Brute force attacks are a frequent cause of breaches, especially against exposed remote services (open RDP, VPN without MFA, weak administrative portals). Credentials compromised via brute force enable initial access for lateral movement, privilege escalation, and persistence establishment. Regulations like ISO 27001, NIS2, and DORA mandate: strong password policies, mandatory MFA, and detection of abnormal attempt patterns. A CISO must inventory exposed services, implement MFA on all remote access, and monitor SIEM logs for abnormal login attempt patterns.

Key points

Effectiveness depends on password complexity: 8-character alphanumeric passwords crack in minutes; 12+ characters with symbols require months.

Defensive controls are critical: MFA eliminates risk (credential alone is insufficient); rate limiting slows attempts; lockout after N failed attempts; CAPTCHA on web portals.

Detection requires monitoring: SIEM must alert on multiple failed attempts from same IP, brute force patterns against multiple users, or unusual login patterns.

Hybrid attacks: dictionary attacks (common passwords) are more effective than random; credential stuffing reuses compromised credentials from other breaches; spray attacks test common passwords against many users.

Example: Brute force attack against exposed RDP

A company exposes RDP port (3389) to the internet for remote work without a VPN. An attacker launches a brute force attack using a common password list against the administrator account.

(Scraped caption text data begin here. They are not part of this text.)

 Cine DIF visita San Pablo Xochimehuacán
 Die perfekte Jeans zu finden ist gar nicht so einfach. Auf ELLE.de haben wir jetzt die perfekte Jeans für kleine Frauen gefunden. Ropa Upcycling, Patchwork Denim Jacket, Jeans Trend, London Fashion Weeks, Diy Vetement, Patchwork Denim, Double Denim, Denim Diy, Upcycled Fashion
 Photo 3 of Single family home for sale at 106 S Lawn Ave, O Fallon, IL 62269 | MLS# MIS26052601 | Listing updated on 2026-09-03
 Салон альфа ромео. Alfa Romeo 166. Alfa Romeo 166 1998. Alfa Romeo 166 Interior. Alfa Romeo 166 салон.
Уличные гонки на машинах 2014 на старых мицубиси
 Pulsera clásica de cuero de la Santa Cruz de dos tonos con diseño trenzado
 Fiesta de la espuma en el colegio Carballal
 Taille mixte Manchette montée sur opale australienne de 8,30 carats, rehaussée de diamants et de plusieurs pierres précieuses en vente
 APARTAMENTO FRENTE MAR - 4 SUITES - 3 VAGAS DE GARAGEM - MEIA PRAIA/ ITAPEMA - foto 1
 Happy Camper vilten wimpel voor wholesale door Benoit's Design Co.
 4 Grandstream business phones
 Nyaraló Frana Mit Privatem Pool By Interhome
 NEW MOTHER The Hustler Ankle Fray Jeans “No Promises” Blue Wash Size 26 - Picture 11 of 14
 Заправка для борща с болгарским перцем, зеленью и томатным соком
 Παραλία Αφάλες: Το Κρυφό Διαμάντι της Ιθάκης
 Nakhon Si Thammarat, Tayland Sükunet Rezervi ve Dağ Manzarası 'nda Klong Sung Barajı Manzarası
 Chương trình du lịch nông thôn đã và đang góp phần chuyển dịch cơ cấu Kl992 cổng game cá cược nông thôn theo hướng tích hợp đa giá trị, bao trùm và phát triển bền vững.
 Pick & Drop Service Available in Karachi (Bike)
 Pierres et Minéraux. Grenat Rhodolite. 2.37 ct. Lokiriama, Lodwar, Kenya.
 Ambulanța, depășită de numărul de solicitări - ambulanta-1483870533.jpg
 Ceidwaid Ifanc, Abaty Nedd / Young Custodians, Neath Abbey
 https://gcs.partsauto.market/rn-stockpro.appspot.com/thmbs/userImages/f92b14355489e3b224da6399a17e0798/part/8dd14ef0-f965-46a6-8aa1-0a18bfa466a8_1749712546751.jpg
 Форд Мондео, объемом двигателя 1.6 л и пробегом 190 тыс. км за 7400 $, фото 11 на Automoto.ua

Without rate limiting or MFA, it attempts 1,000 combinations per minute for two hours. It discovers weak password 'Admin@2023'. Access achieved: creates dormant account, installs malware, and moves to internal servers. Discovery: a security analyst reviews RDP logs and sees 1M failed attempts from same external IP in two hours. Solution implemented: close direct RDP, VPN with mandatory MFA, rate limiting on login attempts, and automatic SIEM alert for >10 failed attempts per IP in 10 minutes.

Common mistakes

  • Assuming simple passwords are sufficient because 'only employees access'; if service is on the internet, automated attackers probe constantly.
  • Not implementing MFA thinking only advanced attackers use it; brute force is automated and indiscriminate; MFA is mandatory defense.
  • Ignoring failed login logs; correlating them in SIEM with origin IPs and patterns is the simplest way to detect active attacks.

Related services

This concept may be related to services such as:

Frequently asked questions

How long does a brute force attack take to crack a password?

Depends on complexity: 6-character alphanumeric takes minutes; 8 characters with symbols takes hours; 12+ characters takes weeks or years. But common password dictionaries are much faster: '123456', 'admin', 'Password1' are tested first. Tools like Hashcat accelerate if hash is available.

What is the difference between dictionary and pure brute force?

Pure brute force tests all combinations (exponential, very slow). Dictionary tests known passwords and common variations (e.g., adding 2024, changing letter to number). Hybrid attack combines both: takes common words and adds numbers/symbols. Dictionary is far more effective in practice.

How do I detect a brute force attack in my SIEM?

Correlate logs: >10 failed attempts from same IP in 10 minutes, attempts against multiple users from same IP, sequential attempts without delay, successful login after burst of failures. Alerts should fire automatically; investigate and block origin IP in firewall.